Hello all you experts 

Just wondering if anyone can recommend anything that I can add to my tank that will support plant growth while not harming my shrimp at all? It's a 20 gallon long at work and I'd prefer not to mess with CO2 at all. 

Any ideas would be appreciated. 




Sent from my iPhone using Tapatalk


----------



## Fishfur (Mar 4, 2012)

What kind of shrimp do you have ? If they are Neos, you can use ferts and Excel and get good results that way. Excel is not as good as CO2, but it's helpful. You can buy pre mixed frets, like Flourish, or buy the basic chemicals and mix your own. A small syringe is useful for measuring the doses. Actually, API's carbon boost, I think is what they call it, is a better deal than Excel, as it's stronger, so you use less per dose.

Lighting is also a big part of plant growth. If you don't have enough for the plants you want to grow, adding ferts won't help.

If you have Crystal or Bee shrimp, ask on the Invertebrate forum, you'll get more answers there about shrimp.


----------



## TorontoPlantMan (Aug 16, 2013)

You have a few options. 

1. Re-do the tank (4-6 hour process depending on time) and you can add mineralized top soil to the tank so you never need to add other ferts for at least 6-8 years+ and it won't bother the shrimp.

2. Add root tabs but it gets expensive after awhile, unless you can get osmocote from the U.S

3. Macro + Micro ferts - KNO3, KH2PO4, and trace elements - Don't waste money on Seachem's ferts unless it's Flourish Excel, everything else can easily be done by yourself for cheaper.


----------



## brycon (Aug 5, 2014)

Check out The Plant Guy from Winnipeg. He sells his own root tabs for 100 for $20 with free shipping. I've been using them and I don't really notice a difference in growth between his and Seachem's.


----------



## jimmyjam (Nov 6, 2007)

All depends on type of shrimps. Neos have lived in all my aquascapes (look below) no issues with co2, excel or my EI dosing. CRS, I wouldnt touch ferts at all if you want to breed and have a massive colony. If you care more for the scape, then expect some deaths with any kind of dosing. I would prefer substrate over water column for sure, but still a risk I wouldn't take for my high end CRS/kingkongs etc.


----------



## flanneryc (Jul 25, 2009)

Thanks for all the input guys.
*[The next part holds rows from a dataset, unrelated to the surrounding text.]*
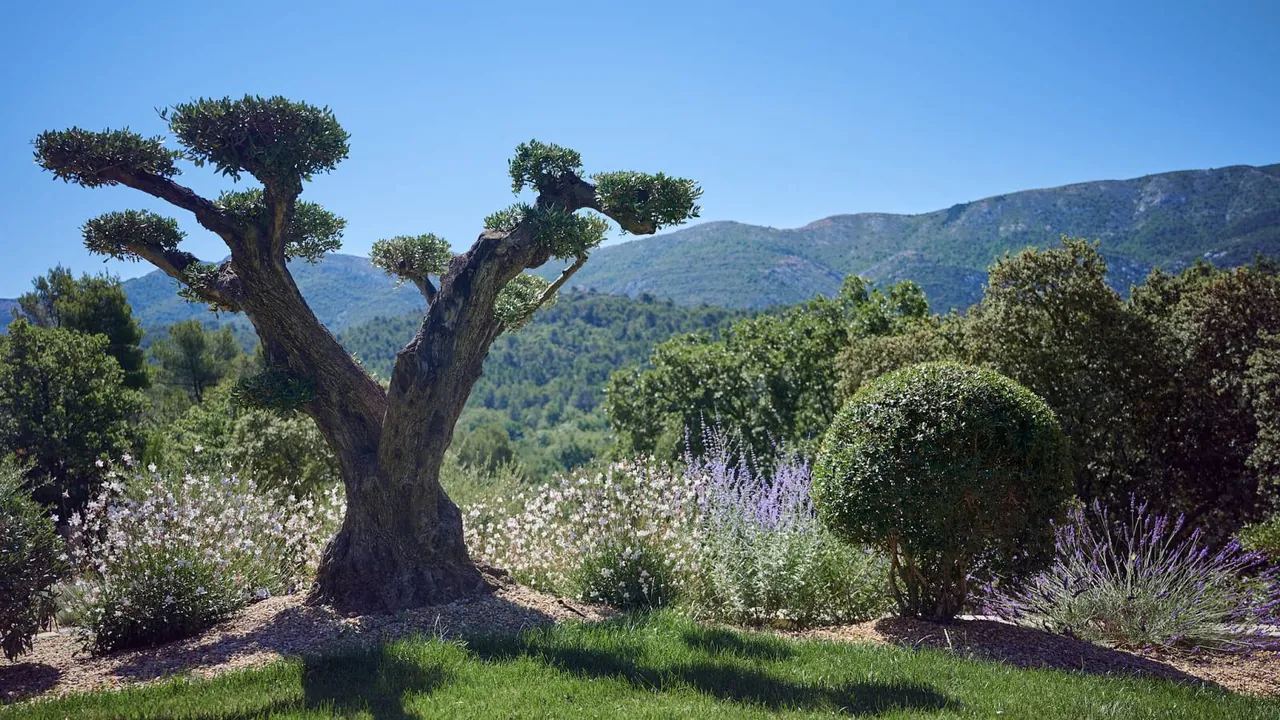 Réalisation AD Paysage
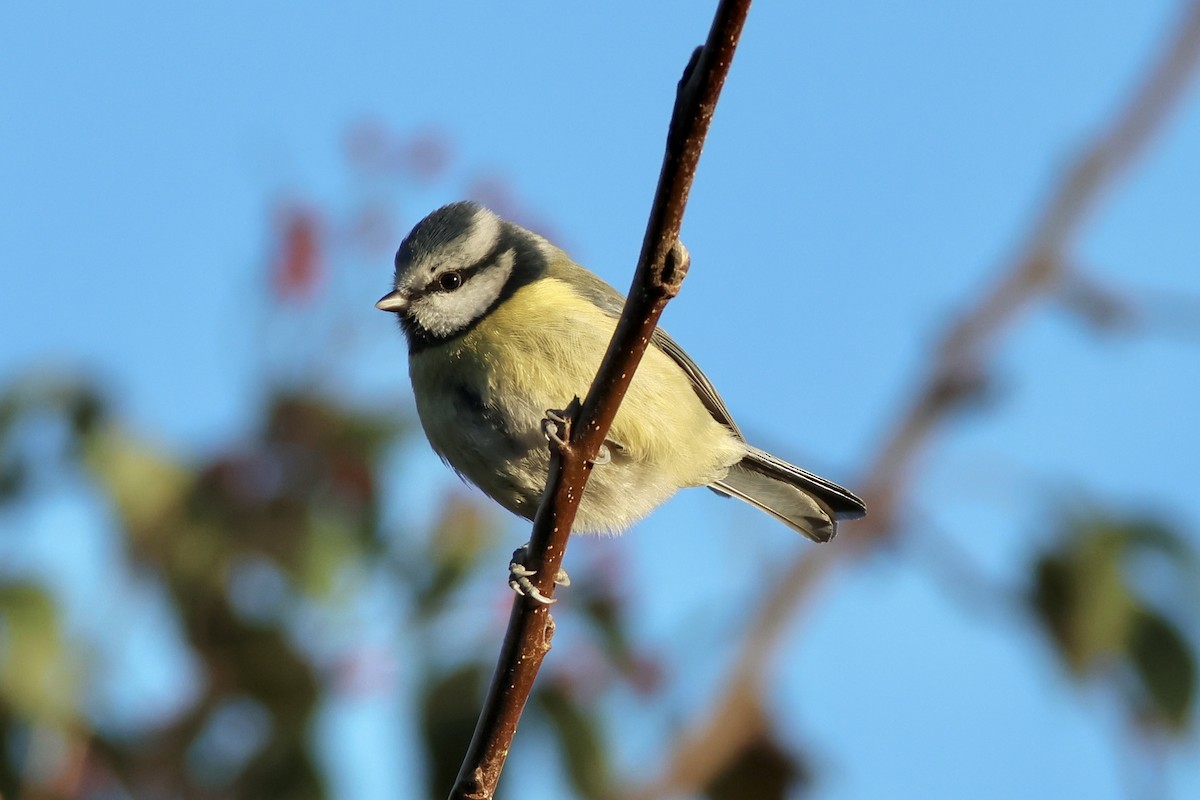 Eurasian Blue Tit - ML645770353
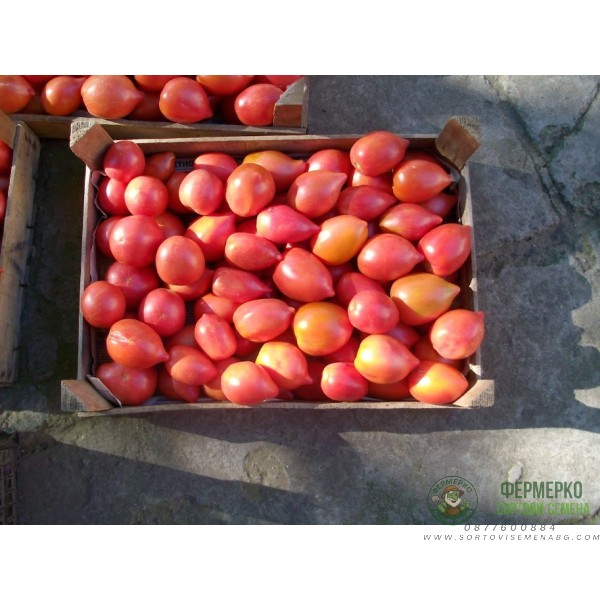 Домати Ръгби F1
I'm actually think for my new CRS tank and I'm very afraid that it will impact their ability to breed properly. I think I'm going to hold off for now and see how some low light plants grow without help. 

Don't want to hurt my babies 


Sent from my iPhone using Tapatalk


----------



## jimmyjam (Nov 6, 2007)

good call! Have some moss, any of the ferns except maybe bolbitis, dhg will be fine as well . And if your using any decent shrimp soils like Aquasoil, they will have ferts inside anyways.


----------